Your goal >>
Start at the line with "Puma TeamLiga Graphic Blue T-shirt" in the records below, stop at the line with "Puzdro Spigen Enzo", and return every line in that span exactly, the two end lines included.

Data extracts >>
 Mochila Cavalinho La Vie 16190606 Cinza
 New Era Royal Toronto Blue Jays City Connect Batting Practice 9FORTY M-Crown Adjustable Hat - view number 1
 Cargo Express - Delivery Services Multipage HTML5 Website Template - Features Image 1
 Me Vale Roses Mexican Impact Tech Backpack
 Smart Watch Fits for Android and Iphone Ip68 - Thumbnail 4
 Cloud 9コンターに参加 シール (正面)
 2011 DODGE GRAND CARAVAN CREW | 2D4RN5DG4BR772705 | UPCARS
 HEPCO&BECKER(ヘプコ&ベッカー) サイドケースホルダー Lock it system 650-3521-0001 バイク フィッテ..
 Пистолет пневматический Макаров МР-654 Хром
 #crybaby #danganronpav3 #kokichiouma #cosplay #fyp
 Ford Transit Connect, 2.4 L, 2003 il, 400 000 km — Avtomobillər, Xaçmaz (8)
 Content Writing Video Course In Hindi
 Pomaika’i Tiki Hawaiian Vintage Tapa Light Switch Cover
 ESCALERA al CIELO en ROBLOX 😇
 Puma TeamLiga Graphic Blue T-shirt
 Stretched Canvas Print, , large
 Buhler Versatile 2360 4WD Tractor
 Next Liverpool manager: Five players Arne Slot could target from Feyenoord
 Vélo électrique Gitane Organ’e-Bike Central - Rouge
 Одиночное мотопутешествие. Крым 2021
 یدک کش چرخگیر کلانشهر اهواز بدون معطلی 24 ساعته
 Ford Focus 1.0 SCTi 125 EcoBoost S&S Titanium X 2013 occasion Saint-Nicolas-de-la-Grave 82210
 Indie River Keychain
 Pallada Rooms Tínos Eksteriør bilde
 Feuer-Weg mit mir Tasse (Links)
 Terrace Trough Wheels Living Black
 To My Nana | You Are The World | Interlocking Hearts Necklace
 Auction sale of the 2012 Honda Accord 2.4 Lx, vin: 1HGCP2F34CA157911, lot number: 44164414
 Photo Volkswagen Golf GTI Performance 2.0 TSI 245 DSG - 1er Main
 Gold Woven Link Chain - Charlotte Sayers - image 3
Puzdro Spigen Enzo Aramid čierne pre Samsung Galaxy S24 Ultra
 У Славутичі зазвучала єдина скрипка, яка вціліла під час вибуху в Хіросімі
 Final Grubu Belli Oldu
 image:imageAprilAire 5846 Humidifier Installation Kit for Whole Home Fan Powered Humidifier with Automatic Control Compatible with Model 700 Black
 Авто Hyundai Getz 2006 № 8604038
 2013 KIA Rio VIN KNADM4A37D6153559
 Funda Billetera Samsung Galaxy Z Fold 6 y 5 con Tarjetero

Response to this task >>
 Puma TeamLiga Graphic Blue T-shirt
 Stretched Canvas Print, , large
 Buhler Versatile 2360 4WD Tractor
 Next Liverpool manager: Five players Arne Slot could target from Feyenoord
 Vélo électrique Gitane Organ’e-Bike Central - Rouge
 Одиночное мотопутешествие. Крым 2021
 یدک کش چرخگیر کلانشهر اهواز بدون معطلی 24 ساعته
 Ford Focus 1.0 SCTi 125 EcoBoost S&S Titanium X 2013 occasion Saint-Nicolas-de-la-Grave 82210
 Indie River Keychain
 Pallada Rooms Tínos Eksteriør bilde
 Feuer-Weg mit mir Tasse (Links)
 Terrace Trough Wheels Living Black
 To My Nana | You Are The World | Interlocking Hearts Necklace
 Auction sale of the 2012 Honda Accord 2.4 Lx, vin: 1HGCP2F34CA157911, lot number: 44164414
 Photo Volkswagen Golf GTI Performance 2.0 TSI 245 DSG - 1er Main
 Gold Woven Link Chain - Charlotte Sayers - image 3
Puzdro Spigen Enzo Aramid čierne pre Samsung Galaxy S24 Ultra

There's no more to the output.